**DATA SUPPLIED**.
|---|

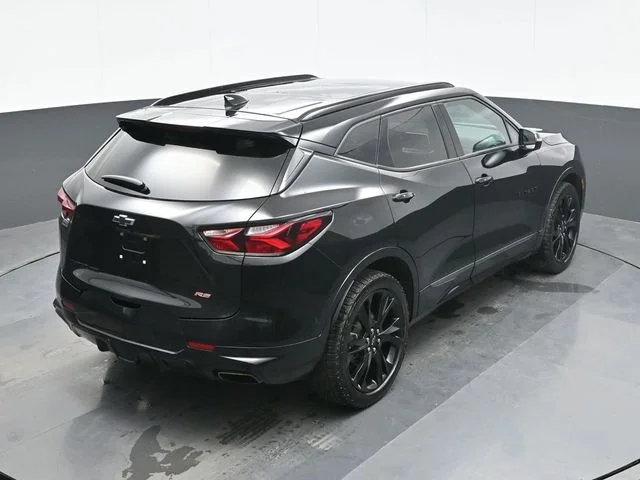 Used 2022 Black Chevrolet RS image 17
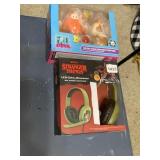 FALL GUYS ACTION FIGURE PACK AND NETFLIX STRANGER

|---|

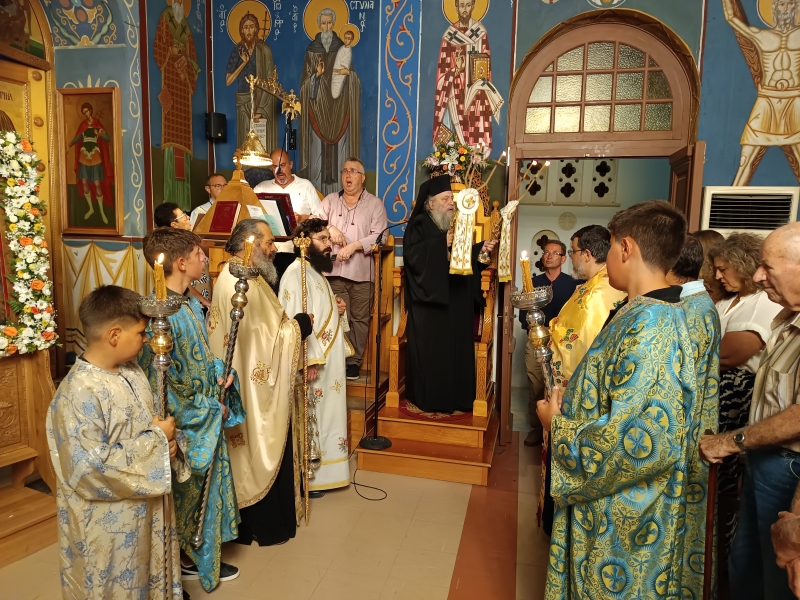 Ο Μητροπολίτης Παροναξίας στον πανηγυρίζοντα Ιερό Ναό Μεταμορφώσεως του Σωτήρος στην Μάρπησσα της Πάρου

|---|

**WHAT TO WORK ON**. A verbatim reproduction is expected: starting at the line above that has "Used 2022 Black Chevrolet RS image 17", ending at the line that has "FALL GUYS ACTION", both included, and with no pictures and no other lines.

**SOLUTION**.
 Used 2022 Black Chevrolet RS image 17
 FALL GUYS ACTION FIGURE PACK AND NETFLIX STRANGER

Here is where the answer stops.